Supreme Court of Ohio
Jun 8, 1932
181 N.E. 892 (Ohio 1932)

Opinion

No. 23455

Decided June 8, 1932.

Workmen's compensation — Death attributable to or connected with injury received in employment — Question for jury — Impacted fracture of hip and death from acute heart dilation.

Where an employe, sustaining an injury in the course of his employment, afterwards dies, and his dependent widow brings an action against the Industrial Commission for compensation from the state insurance fund, and there is an issue whether or not the death of such employe was in some degree attributable to or connected with such injury, there being evidence in the record tending to support the affirmative of such issue, the matter should be submitted to a jury, under proper instruction.

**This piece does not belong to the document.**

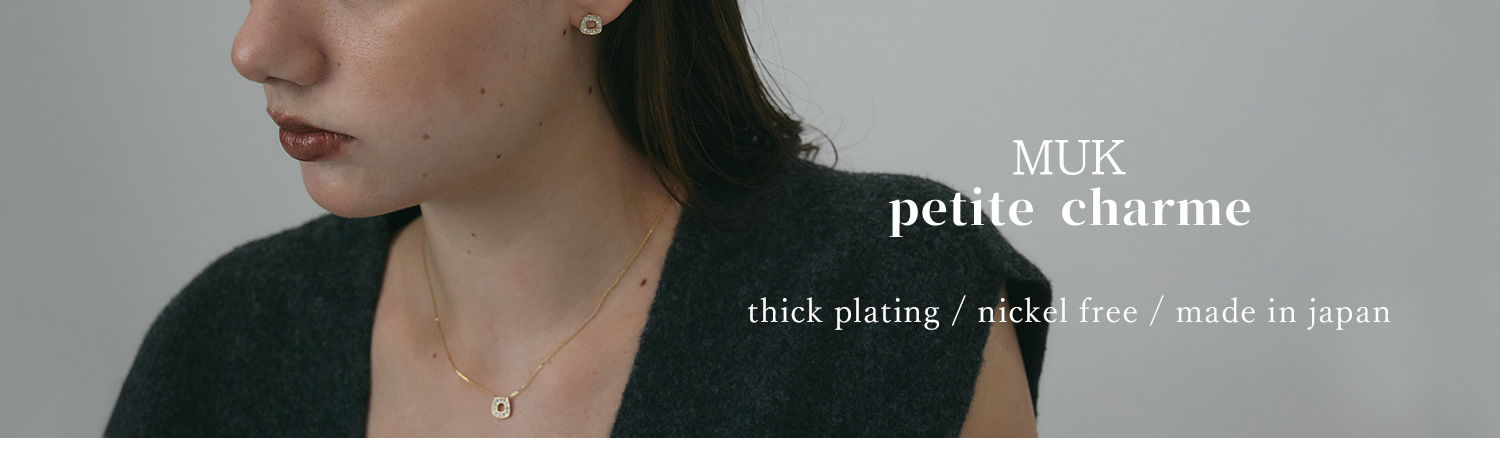 MUK petite charme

ERROR to the Court of Appeals of Stark county.

This is an action to reverse the Court of Appeals of Stark county. The facts incident to the matter, as disclosed by the record, are that Milton Schick was employed by the Hoover Company, of Stark county, Ohio, which was a contributor in good standing to the state insurance fund. While in the course of his employment, Schick sustained an injury by being thrown from a moving truck, causing an impacted fracture of his right leg. He was in the hospital for some time and then taken to his home. It is claimed that he never recovered from this injury but continuously felt its effects down to the time of his death.

On the morning of April 14, 1928, he found it necessary to fix a drain, on account of some water which had backed up in the cellar of his house. After moving a few shovels of dirt, he went back into the house, called his wife, and a few minutes afterward died.

Within two years after the date of his injury, Etta N. Schick, widow of the said Milton Schick, made application to the Industrial Commission of Ohio for compensation under the Workmen's Compensation Law (Section 1465-37 et seq., General Code), because of the death of her husband, which compensation was refused by the commission on November 5, 1928, on a ground going to the basis of plaintiff's right, to wit, that the death of said decedent was not the result of an injury received in the course of his employment.

An application for rehearing was granted and the commission again denied the right of the defendant in error, plaintiff below, to receive compensation, on the ground that it had no jurisdiction of the claim and no authority to inquire into the extent of disability or amount of compensation, for the reason that the decedent's death was not due to an injury received in the course of employment.

An appeal was perfected to the common pleas court and a jury impaneled to try the issue. At the close of the testimony in the case the Industrial Commission renewed a motion that it had made for a directed verdict at the end of the plaintiff's case, and again moved the court to arrest the evidence from the jury and instruct the jury to return a verdict for the defendant; upon consideration of which motion the same was sustained and the jury directed to return a verdict in favor of the Industrial Commission.

Error was prosecuted to the Court of Appeals, in which court the finding of the common pleas court was reversed, and the cause remanded, for error in refusing to submit the cause to the jury. Error is now prosecuted to this court to reverse such judgment.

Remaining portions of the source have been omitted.